◆ Work item ◆
For the material below, reproduce exactly each line from the one that has "hammock, log cabin, log home" through the one that has "Ethnic Throw Pillow", and no others; pictures stay out.

◆ Task material ◆
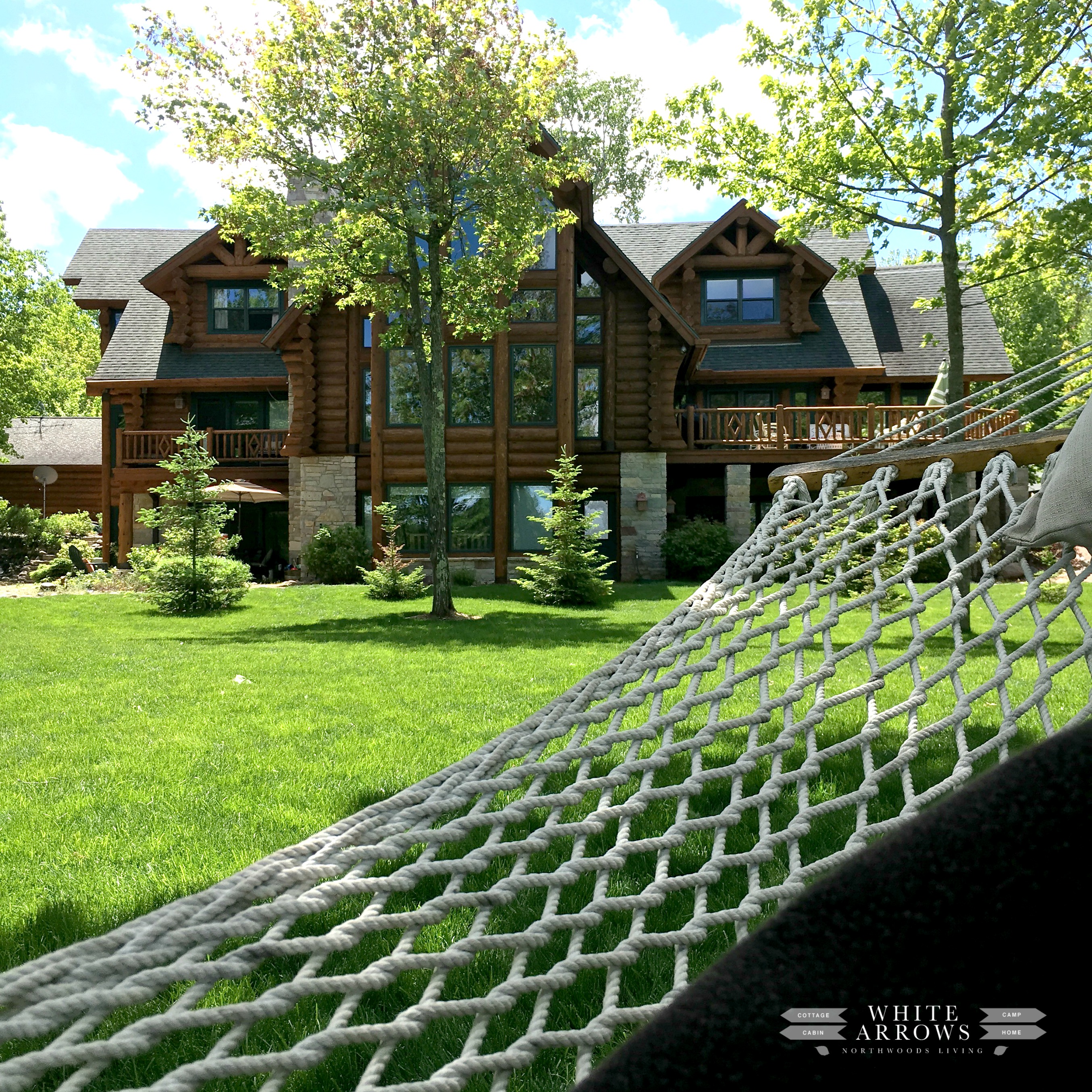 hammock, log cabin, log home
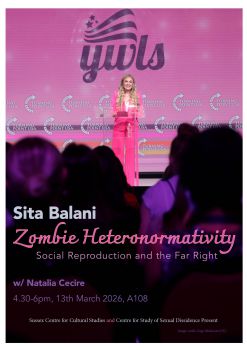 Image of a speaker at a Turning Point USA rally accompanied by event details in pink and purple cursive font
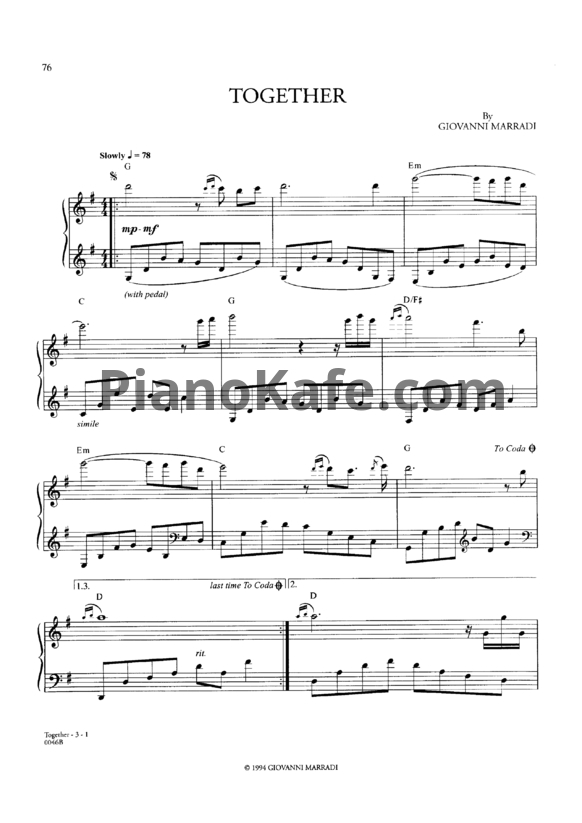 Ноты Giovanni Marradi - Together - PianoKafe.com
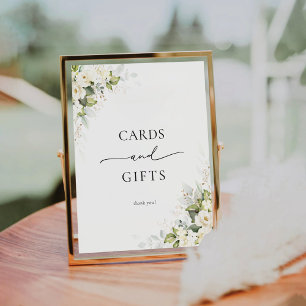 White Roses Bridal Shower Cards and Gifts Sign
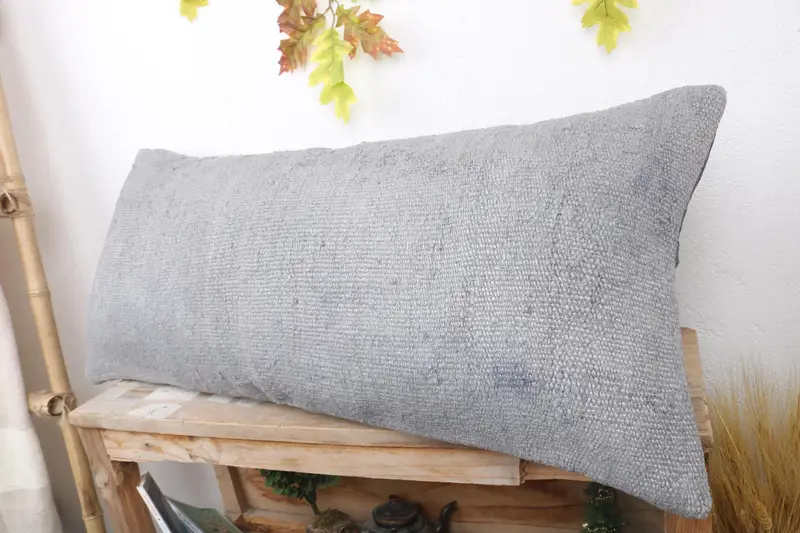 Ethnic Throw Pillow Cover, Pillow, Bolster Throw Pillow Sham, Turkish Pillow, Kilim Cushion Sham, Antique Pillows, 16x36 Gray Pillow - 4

...

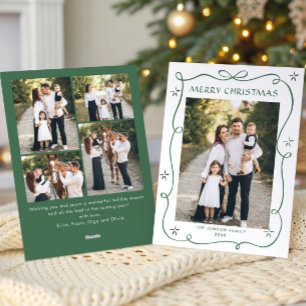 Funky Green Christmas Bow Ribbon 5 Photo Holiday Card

* * *

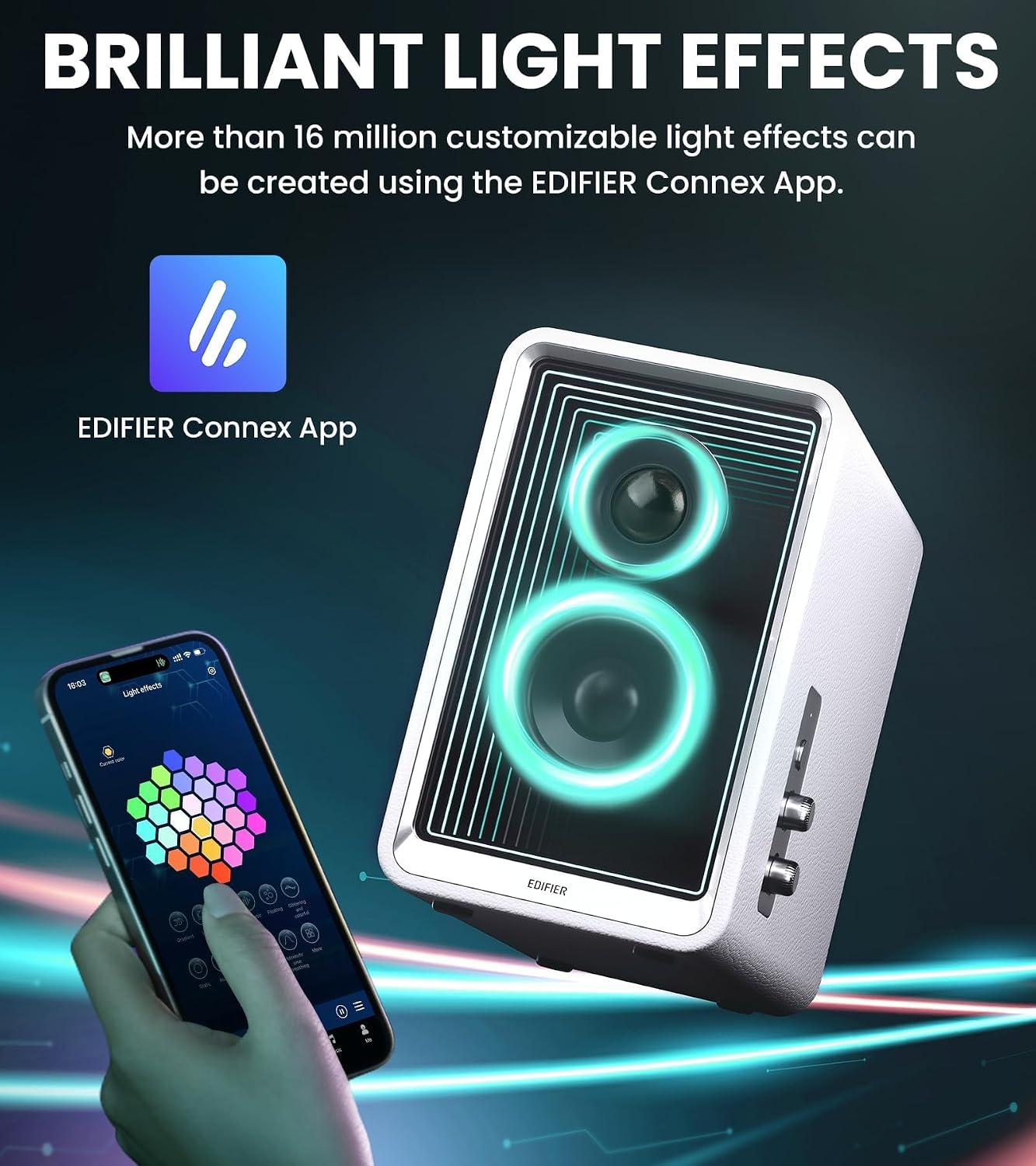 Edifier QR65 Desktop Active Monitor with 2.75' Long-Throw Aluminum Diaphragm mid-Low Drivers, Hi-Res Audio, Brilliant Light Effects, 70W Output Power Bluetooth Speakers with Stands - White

◆ Final answer ◆
 hammock, log cabin, log home
 Image of a speaker at a Turning Point USA rally accompanied by event details in pink and purple cursive font
 Ноты Giovanni Marradi - Together - PianoKafe.com
 White Roses Bridal Shower Cards and Gifts Sign
 Ethnic Throw Pillow Cover, Pillow, Bolster Throw Pillow Sham, Turkish Pillow, Kilim Cushion Sham, Antique Pillows, 16x36 Gray Pillow - 4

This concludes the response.